If Kill Bill Had Been Just One Film, Quentin Tarantino Knows What He'd Cut
My favorite thing about Quentin Tarantino's "Kill Bill" is that it's an epic hero's journey, and, thus, a two-part tale. It's a jam-packed story and naturally lends itself to stretching out into multiple films — way before doing so was not only a thing, but an expectation. After all, "Kill Bill," though completely different in content and style, came before the double finales of the "Harry Potter" or "The Hunger Games" films.
Despite how well "Kill Bill" works as a two-part endeavor, Tarantino does have an idea of which scenes he would cut if the story had been shrunken down into a 3-hour picture. In 2012, he told IGN (in an interview with The Bride herself, Uma Thurman):
"The Esteban Vallejo scene wouldn't be in the movie. If you're trying to tell your story in three hours or so, you don't need that scene. I think that's one of the most mesmerizing scenes in the movie. The anime scene that everyone likes, whoop!, it would have been just enough to get the point across. If I had to lose anything it would have been that. You always have to make those kind of choices like that."
The scene in question is actually the only one I myself think would be best to cut. I agree with Tarantino here, it's not entirely necessary, despite being as "mesmerizing" as it is. And it is mesmerizing, and the late Michael Parks is a total chameleon as Vallejo.
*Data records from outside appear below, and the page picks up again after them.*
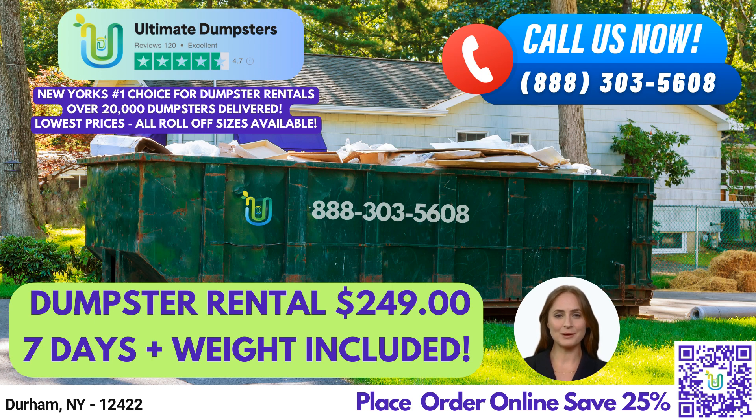With a 4.5-star rated reputation, you can trust us to deliver the highest quality service in the industry. We offer roll-off dumpsters in all sizes, including 10-yard, 12-yard, 15-yard, 20-yard, 30-yard, and 40-yard containers.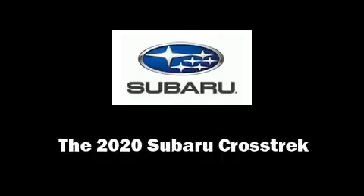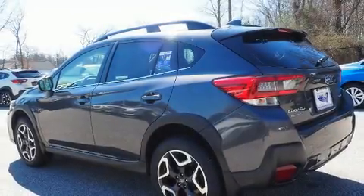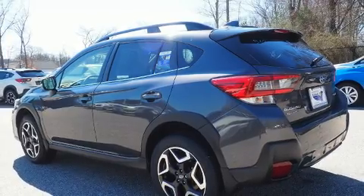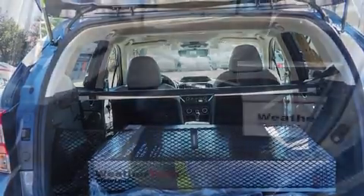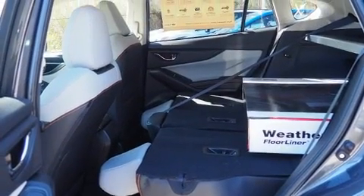Load your family into the 2020 Subaru XV Crosstrek. Under the hood, you'll find a four-cylinder engine with more than 150 horsepower. And for added security, Dynamic Stability Control supplements the drivetrain.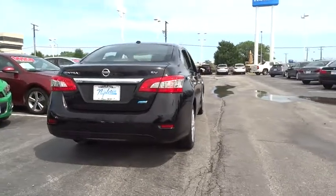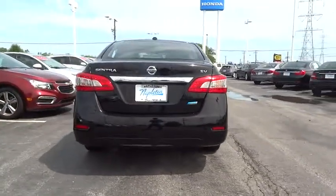A vehicle like this doesn't come along every day. Come in and get it before someone else does.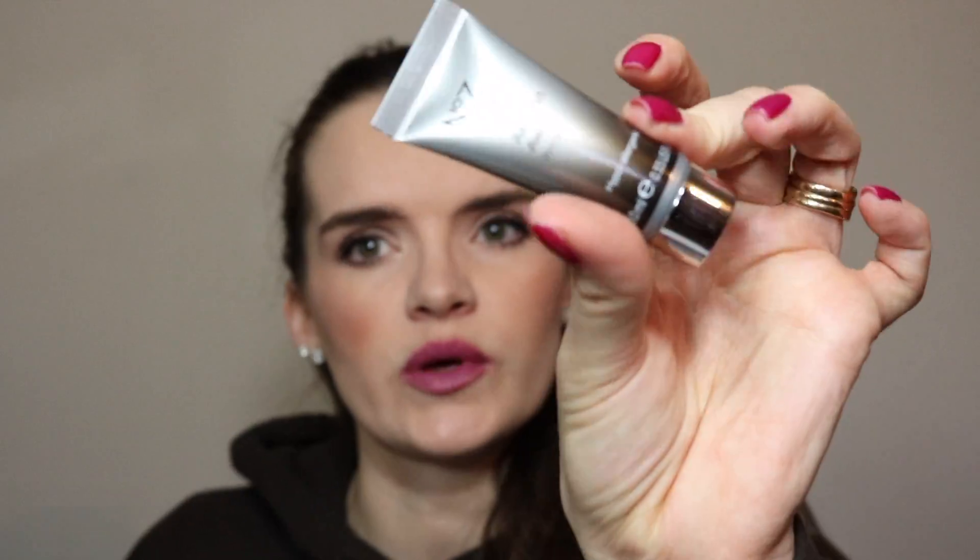It looks very liquidy! The next thing we have is the No7 Airbrush Away Primer in translucent cream. This one's sealed too.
In general, though, the scene opened a culture can of worms definitely worth addressing, but which could've been avoided with racially sensitive casting. It does give us worthwhile information for Beatrix Kiddo's quest, but like the writer-director said, the anime sequence — which comes as the most pleasant of surprises — suffices for the information we need about Bill's transgressions.
The hero's journey, condensed
Tarantino, who made the "Kill Bill" saga as his fourth and fifth films, also noted he would tweak even more of his story if necessary to condense it to one movie:
"The Pei Mai scene would have shrunk dramatically. Now I'm talking about scenes that are some of the best scenes in the movie, but in this hurdling pace where you're trying to tell only one story, that would have been the stuff that would have had to go. But to me, that's kind of what the movie was, these little detours and these little grace notes."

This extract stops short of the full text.